MS-DOS Commands :: paste

Overview:

The paste command pastes text from the Windows Clipboard to any command's input. You can thus take some text from a Windows application and use it as input into some command.

Note: The paste command is not a standard part of MS-DOS. See paste.exe Availability below.

Tip: paste | sort | clip takes the Windows Clipboard, sorts it, and copies it back to the Windows Clipboard. Requires: clip

paste.exe Availability:

Joel 'Jaykul' Bennett (HuddledMasses.org) is a C# programmer who wrote his own custom paste program (see paste.cs C# source code).

WARNING: This custom paste program is intended to be used only with ASCII text files.
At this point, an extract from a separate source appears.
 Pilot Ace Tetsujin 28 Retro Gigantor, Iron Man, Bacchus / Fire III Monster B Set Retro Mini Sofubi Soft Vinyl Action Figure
Also, it contains a bug that causes an extra blank line (two byte sequence: x0D x0A) to be appended to the end of the pasted output.

Follow these steps to install the paste.exe command program:

  1. Download paste.zip and unzip it to get paste.exe

  2. Put paste.exe in %windir%\system32 directory (typically C:\Windows\system32) or in any other directory that is in your path.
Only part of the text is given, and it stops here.